■ **Records for this exercise**:
○ ○ ○ ○

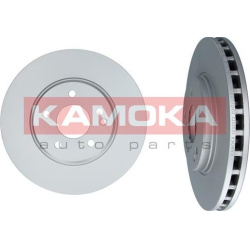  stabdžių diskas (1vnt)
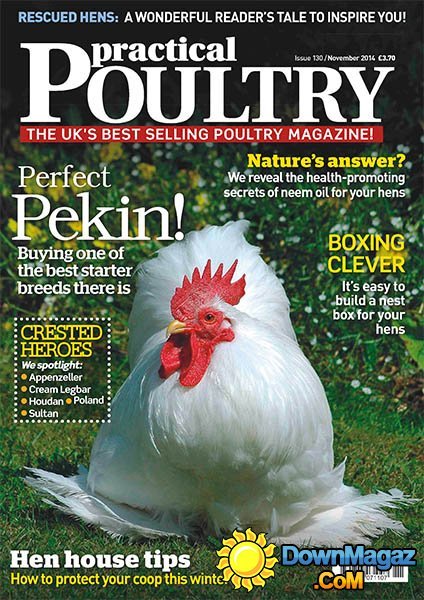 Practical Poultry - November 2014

○ ○ ○ ○

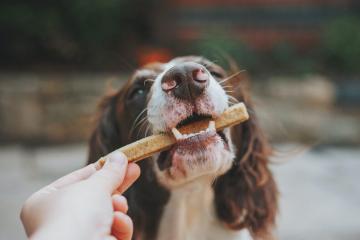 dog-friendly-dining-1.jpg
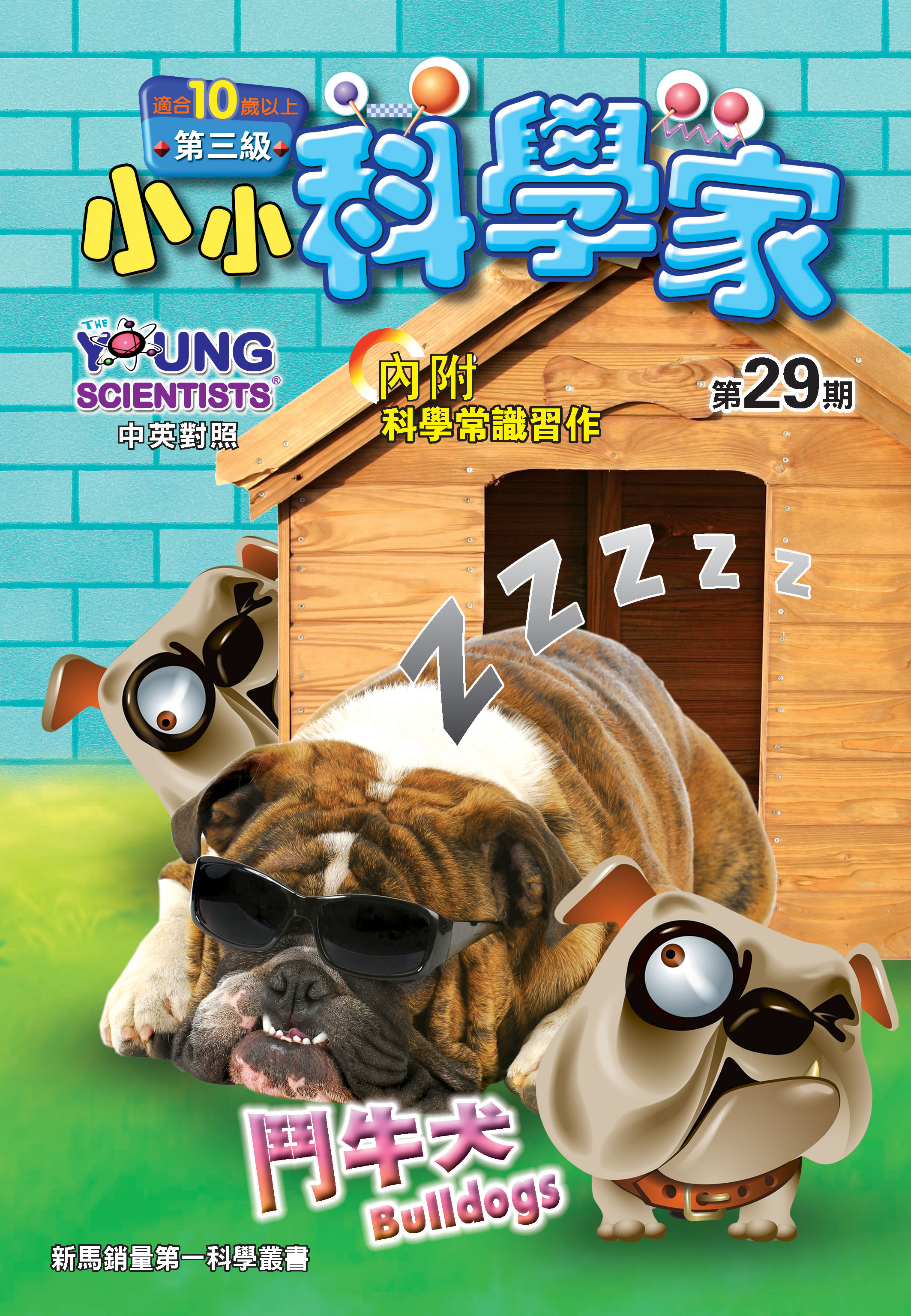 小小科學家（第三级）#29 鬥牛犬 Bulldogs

○ ○ ○ ○

■ **Exercise details**:
Leaving out each picture, repeat exactly the lines above from the one that contains "stabdžių diskas (1vnt)" through the one that contains "Practical Poultry - November 2014".

■ **Task response**:
  stabdžių diskas (1vnt)
 Practical Poultry - November 2014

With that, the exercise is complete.